First, the 'fast chargers' are really like 10+ per location. In some places (SoCal) they are 40-60. Outside of SoCal on holiday weekends they generally are not very full at all, I have never even had the inconvenience of having to park next to someone at a Supercharger (it reduces the charge rate).
Second, you are wildly overestimating the amount of time needed to charge. The goal is not to charge to 100%, or even 90% - It's just to get enough to get to your next stop. You stay in the fat part of the charging curve and 10-15 minutes adds serious miles.
You make statements like:
But I would not hesitate in the slightest to take a 700 mile trip.
Obviously I don't know where you live, but I do know where I live. So I used this tool:
To draw a 700 mile radius around my home (Northern NJ). Chicago is almost exactly 700 miles so we'll use that as my destination even though I'm helping your argument here (can't drive in a straight line). Using A Better Route Planner's default settings for a Model 3 LR (the one you should buy, unless you're a speed junkie) here's what that trip looks like:
View attachment 19636
To me that trip is wildly superior to the alternative with a single 5 minute stop. Unless you are doing this every single day of your life an EV is absolutely fine for this trip. The extra 90 minutes of charging are more than worth the overall experience improvement. And frankly - If you have a daughter that lives 700 miles away you need to think about this - You're too fucking old to be sitting in a car for that long without some breaks. I'm too fucking old as well and I'm not even 40 yet.

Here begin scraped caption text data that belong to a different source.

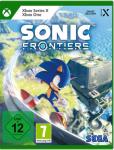 Sonic Frontiers - DayOne-Edition 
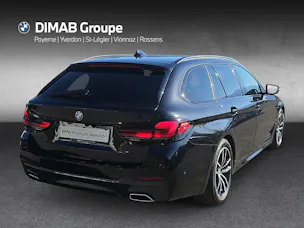 BMW 520d xDrive Touring Pure M Sport (CH)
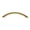 Bright Brass, variant on Baldwin 4496151 Round Arch Cabinet Pull, Antique Nickel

I'm not saying that EVs are 100% the answer 100% of the time. Doing that trip in the dead of winter would roughly double the charging time (twice as many stops, similar time each stop due to warm battery - limitation is wh/mi not charge rate). There are circumstances in which the inherent inefficiency of ICE is nice - Nothing like waste heat to melt snow and ice off a car. But -
If you want to have a legitimate argument for this you need to have data. Log every trip you make for a year, then report back. I have my data (and it's a lot - I am a 35,000 mi/year household with only two people). For the ~two days a year that a Tesla would not completely cover my range needs I can rent a car and still come out thousands a year ahead on fuel costs.
At this point even if gas were completely free I would still drive my EV. It's just an incredibly superior experience. Even for driving long distances.